2.2942 sayılı Kanun'un 10 uncu maddesinin sekizinci fıkrası ile 11 inci ve12 nci maddeleri.
3. Değerlendirme
1. Bölge adliye mahkemelerinin nihai kararlarının bozulması 6100 sayılı Kanun’un 371 inci maddesi ile 369 uncu maddesinin birinci fıkrasında yer alan sebeplerden birinin varlığı hâlinde mümkündür.
2. Arsa niteliğindeki dava konusu taşınmaza 2942 sayılı Kanun'un 11 inci maddesinin birinci fıkrasının (g) bendi uyarınca dosya içindeki 22.08.2016 tarihli bilirkişi raporunda somut emsal olarak incelenen emsalin raporda belirtilen özellikleri dikkate alınanak aynı değerde olduğunun kabulü ile belirlenen metrekare birim fiyatı uygundur.
3. Dava konusu taşınmaz üzerinde bulunan ağaçların yaş, cins ve verim durumlarına göre maktuen, yapı ve muhtesatlara resmî birim fiyatları esas alınıp, yıpranma payı düşülmek suretiyle değer biçilmesi doğrudur.

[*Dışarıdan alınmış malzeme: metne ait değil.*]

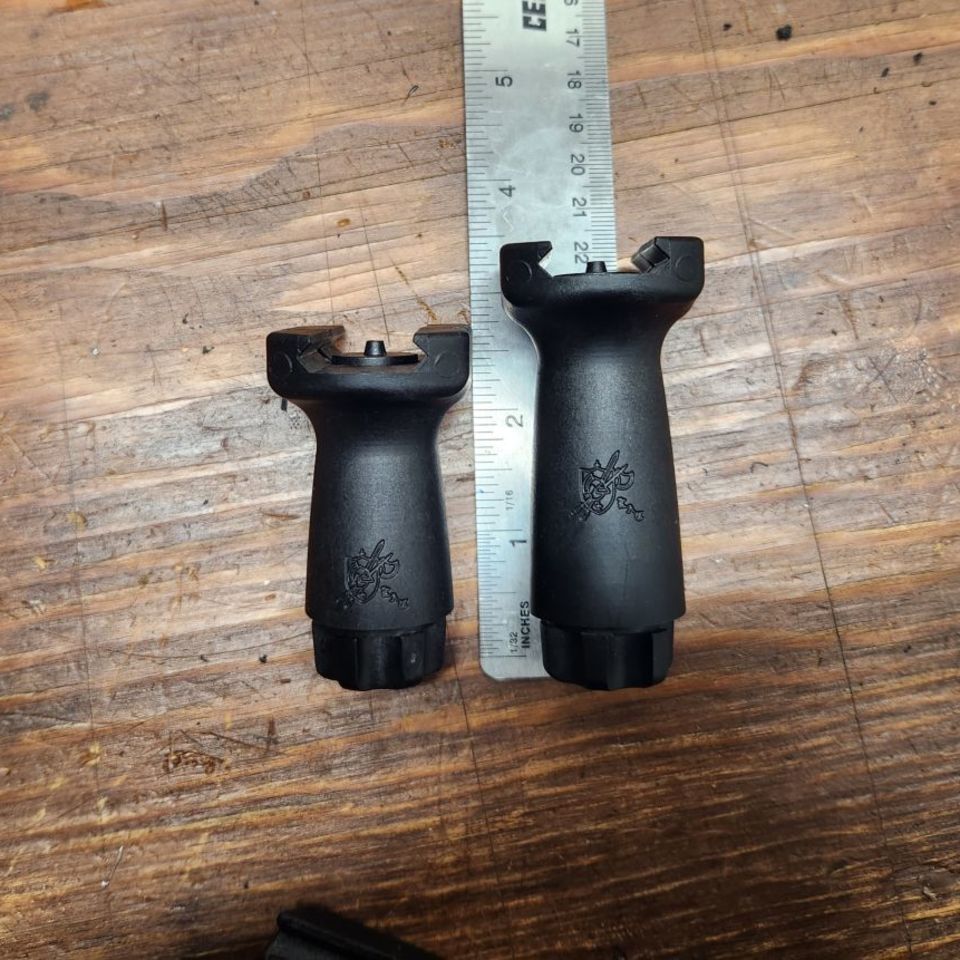 Image 2 - KAC Stubby Vertical Foregrip 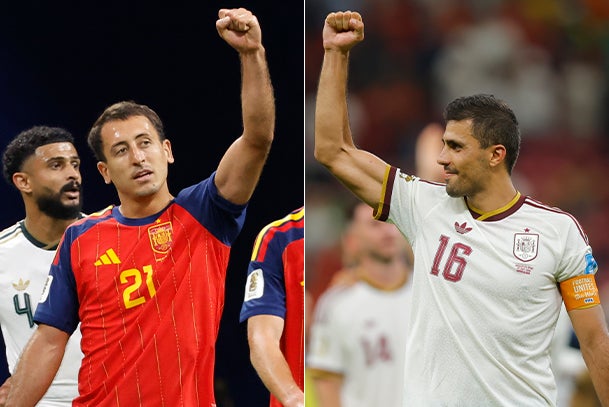 Mikel Oyarzábal (izquierda) y Rodri Hernández (derecha) celebran un gol y la victoria frente a Arabia Saudí y Uruguay respectivamente, durante la fase de grupos del Mundial FIFA 2026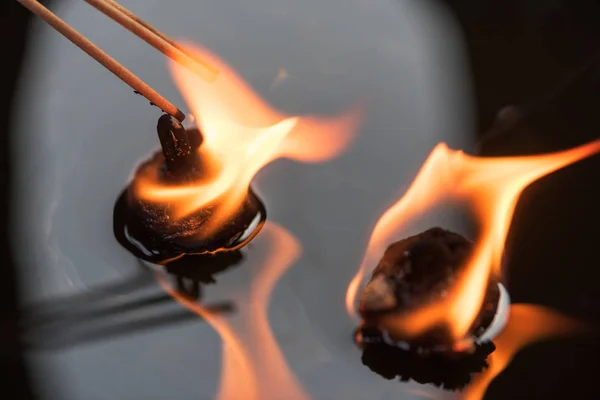 Varillas de incienso aligeradas con velas de aceite — Foto de Stock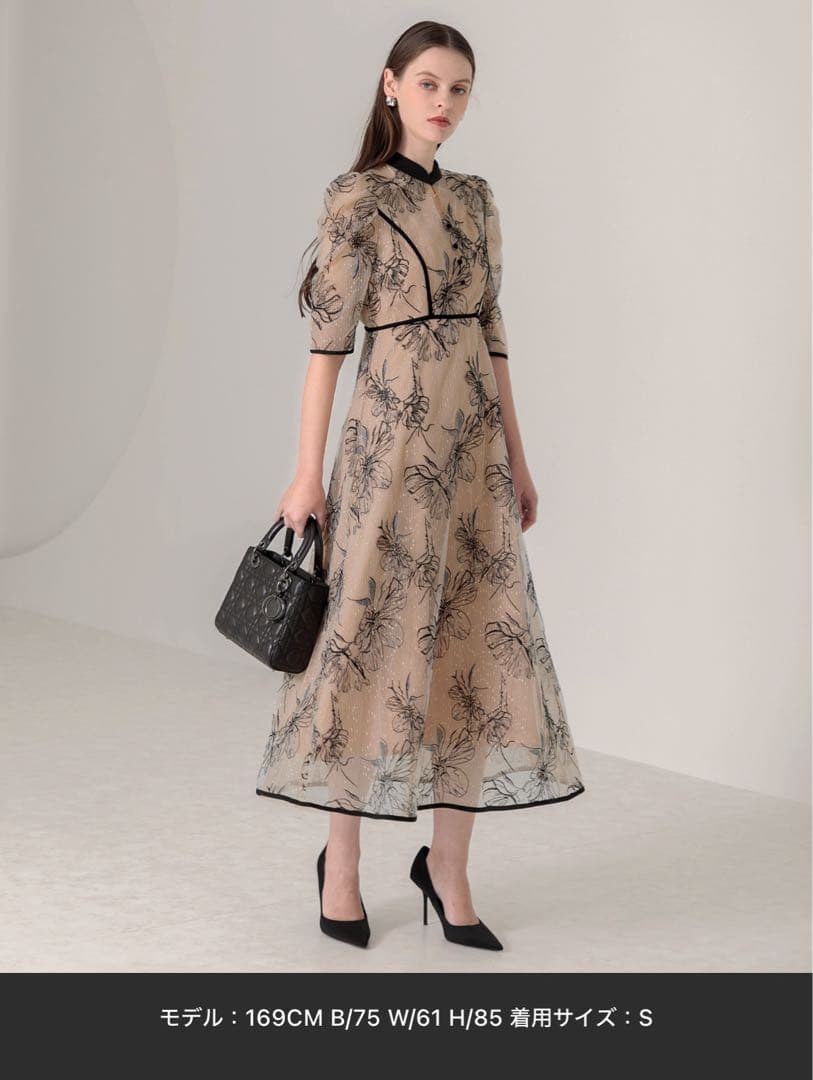 配色パイピングプチハイネック花柄刺繍ラメレース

4. Dava konusu taşınmazın kamulaştırmadan arta kalan kısmının yüzölçümü, konumu, geometrik şekli ve imar planındaki konumu itibarıyla % 25 oranında değer kaybı oranı belirlenmesi yerindedir.
5. Yukarıda yapılan açıklamalar bir bütün olarak değerlendirildiğinde; adîl ve hakkaniyete uygun olarak tespit edilen bedelin davalı tarafa ödenmesine, dava konusu taşınmazın davalı adına olan tapu kaydının iptali ile yol olarak karar verilmesinde bir isabetsizlik görülmemiştir.
6. Tarafların iddia, savunma ve dayandıkları belgelere, uyuşmazlığın hukukî nitelendirilmesi ile uygulanması gereken hukuk kurallarına, dava şartlarına, yargılamaya hâkim olan ilkelere, ispat kurallarına ve temyiz olunan kararda belirtilen gerekçelere göre davalılar vekilinin aşağıdaki bendin kapsamı dışındaki temyiz itirazları yerinde görülmemiştir.
7. Adana Bölge Adliye Mahkemesi 4. Hukuk Dairesinin 28.12.2020 tarihli ara kararı ile ödenmesine karar verilen 441.308,94 TL için 14.09.2016 tarihinden Daire kararı tarihine kadar faize hükmedilmesine karar verilmesi gerekirken, maddi hata sonucu bedelin hatalı yazılması hususu bozmayı gerektirir.
Ne var ki bu hatanın giderilmesi yeniden yargılama yapılmasını gerektirmediğinden 6100 sayılı Kanun'un 370 inci maddesinin ikinci fıkrası hükmü uyarınca Adana Bölge Adliye Mahkemesi 4. Hukuk Dairesinin kararının düzeltilerek onanması gerekir.
VI. KARAR
Açıklanan sebeplerle;
1. Davalılar vekilinin diğer temyiz itirazlarının reddine,
2. Davalı tarafın Bölge Adliye Mahkemesi kararına yönelik temyiz itirazlarının kabulü ile Bölge Adliye Mahkemesi kararının hüküm fıkrasının (8) numaralı bendinde yazılı ''677.776,05'' sayısının çıkarılmasına, yerine “441.308,94” sayısının yazılması suretiyle hükmün DÜZELTİLEREK ONANMASINA,
03.09.2022 tarihinde yürürlüğe giren Avukatlık Asgari Ücret Tarifesi gereğince duruşmaya gelen temyiz eden davalılar vekili için 8.400,00 TL duruşma vekâlet ücretinin temyiz edilenden alınmasına,
Davalılardan peşin alınan temyiz harcının Hazineye irat kaydedilmesine,
Dosyanın İlk Derece Mahkemesine, kararın bir örneğinin Bölge Adliye Mahkemesine gönderilmesine,24.01.2023 tarihinde oy birliğiyle karar verildi.